Can donors to Hong Kong protester fund be prosecuted? It depends, experts say

Legal scholars say the question revolves around whether the fund itself broke the law, as well as donors’ intent in contributing.

Whether supporters of a legal defence fund for Hong Kong protesters – currently under investigation on national security grounds – can be held criminally liable for their donations depends in part on how they intended the money to be spent, experts say.

The police force first revealed on Wednesday that its National Security Department was investigating the 612 Humanitarian Relief Fund and the Alliance for True Democracy, which had provided its bank account to the fund’s trustees for holding donations.

Questions immediately rose as to whether those who had donated to the fund – aimed at providing financial aid to protesters facing prosecution over the 2019 anti-government unrest – might also find themselves in the authorities’ cross hairs.

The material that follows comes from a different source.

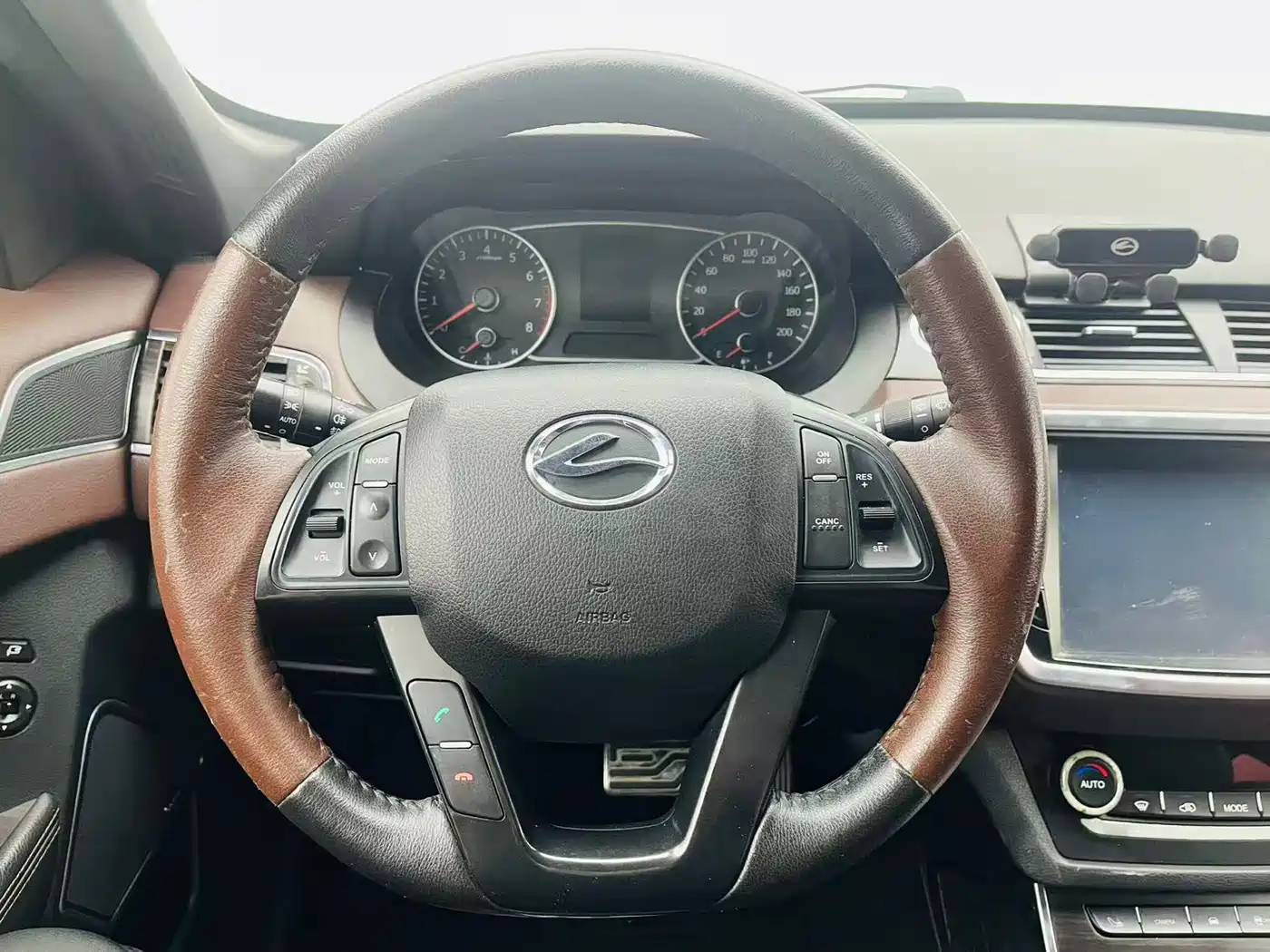 Landwind X7 2018 2016 2.0T Panorama Luxury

According to the fund’s annual report for 2021, some 2,500 people donated to it every month.

University of Hong Kong legal scholar Simon Young Ngai-man, who specialises in national security law, said the question of liability revolved around whether the fund itself had broken the law.

“If none of the funds were used to facilitate the commission of any national security offences, then clearly persons who donated to the fund need not worry about any national security law consequences,” he said.

Even if some funds were found to have furthered a national security offence, Young said, donors would only be criminally liable if they “acted with knowledge or foresight of their donation being used for such illegal purposes”.

“Only then could their donation be said to be aiding and abetting a national security law offence,” he added.

Former director of public prosecutions Grenville Cross said the fund’s donors could be viewed as accomplices, but only if they intended for a crime to take place when they made their contributions.

“I imagine, therefore, that the police will be looking to determine if the donors who were providing the financing were doing so innocently, thinking that they were only helping someone who might be innocent to afford quality legal representation,” he said.

“Or whether they were donating to a suspect organisation with a view to encouraging either ‘hostile activities against the [Hong Kong government]’, whether directly or incidentally, or else some other criminal offence.”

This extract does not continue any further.